Economic research institute GKI yesterday raised its projection for Hungary’s GDP growth this year from 2% to 2.5% based on strong first-quarter growth and an improved outlook.
Data by OECD suggest that exports, rising 5.7% both this year and the next, will remain the most dynamic demand component, and the 4.8% current account surplus will widen further to 5.1%.
OECD expects unemployment to decline slightly from 6.9% to 6.2%, while private consumption growth slows from 2.4% this year to 2% next year.
As the effects of cheaper energy wane, the OECD expects inflation to gradually converge with the 3% target, reaching 2.7% in 2016.
The OECD suggests that after a marked deterioration of the structural fiscal deficit in 2014, the authorities should return to a process of improving their underlying budget position to sustainably reduce debt and expand the fiscal maneuver room.
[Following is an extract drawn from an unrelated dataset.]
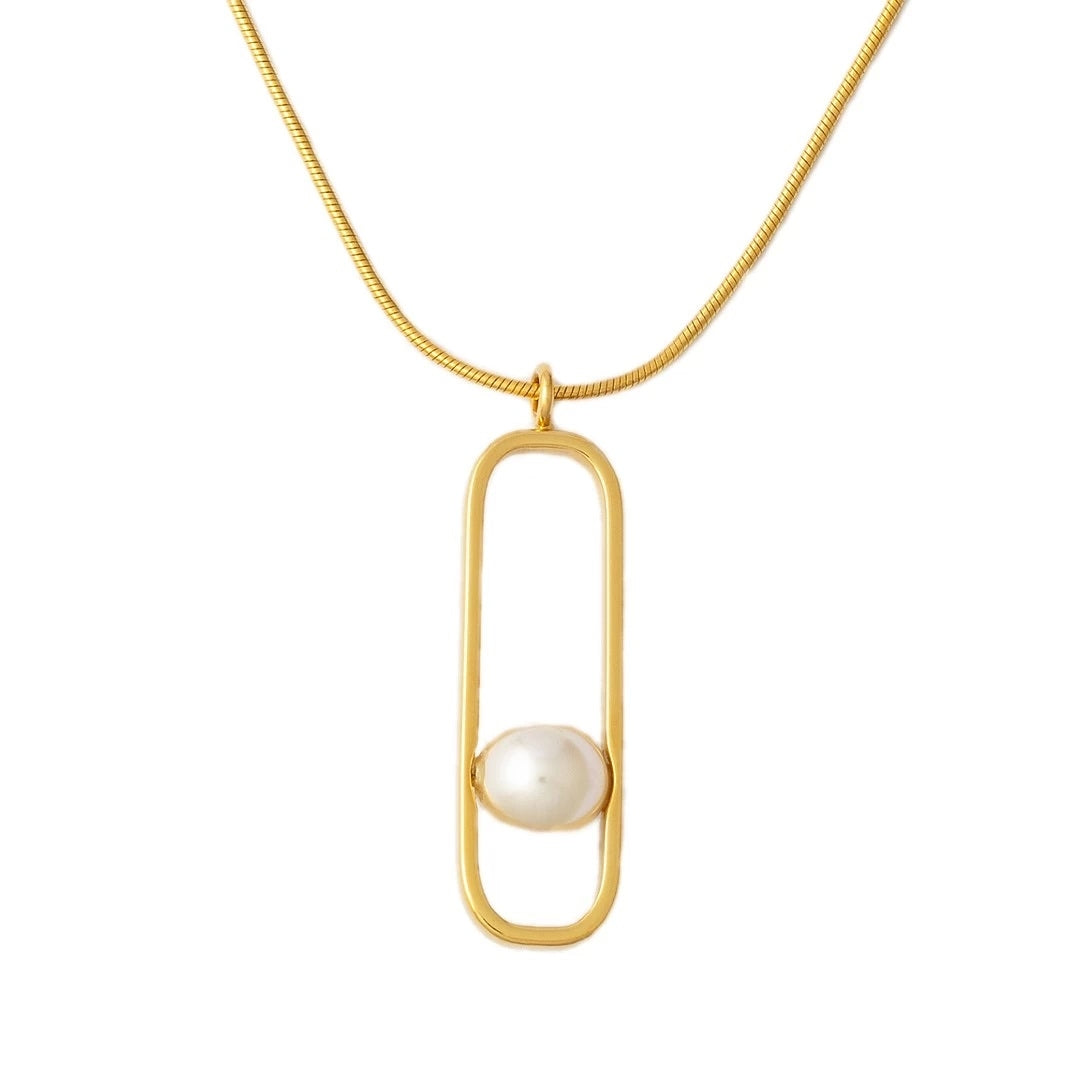 Gold necklace with pearl pendant, MAJORICA JEWELRY Mod. 17179.01.1.000.010.1 elegant design.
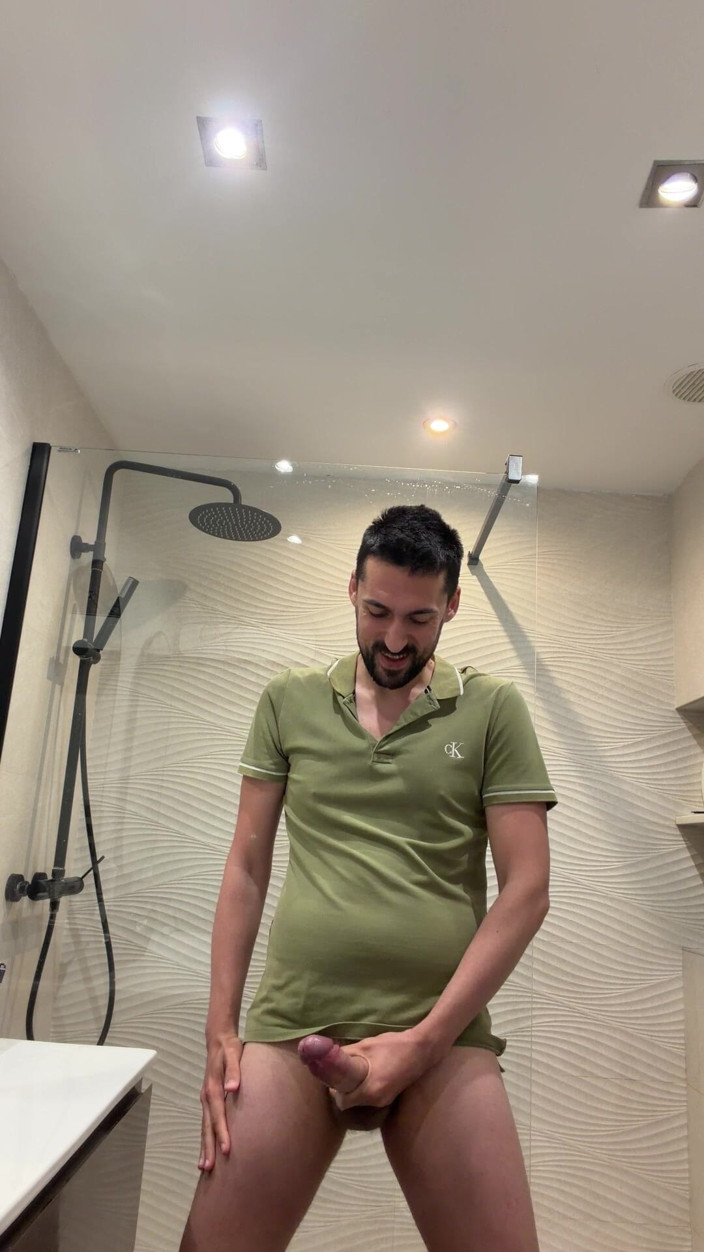Liam Harding: Hot Stepdaddy Jerking off in Bathroom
OECD added that by next year there will be little economic slack left, which may require the central bank to raise policy rates to contain inflation pressures. Pro-competitive structural reforms in product markets are the key to stronger and more inclusive growth.
The OECD believes further lowering of labor tax wedges would boost employment. Measures to improve the business environment for banks and foster a clean-up of their portfolios should be fully implemented.
Investment in mainly non-tradable sectors, such as energy and retail, remains hampered by restrictive and frequently changing regulations, while the growing specialization of manufacturing in the automobile sector is now strengthening growth, but could increase output volatility, OECD said.
Forint depreciation has become a smaller downside risk than in the past, due to a decline in foreign-currency indebtedness and to the weakness of the euro, OECD added.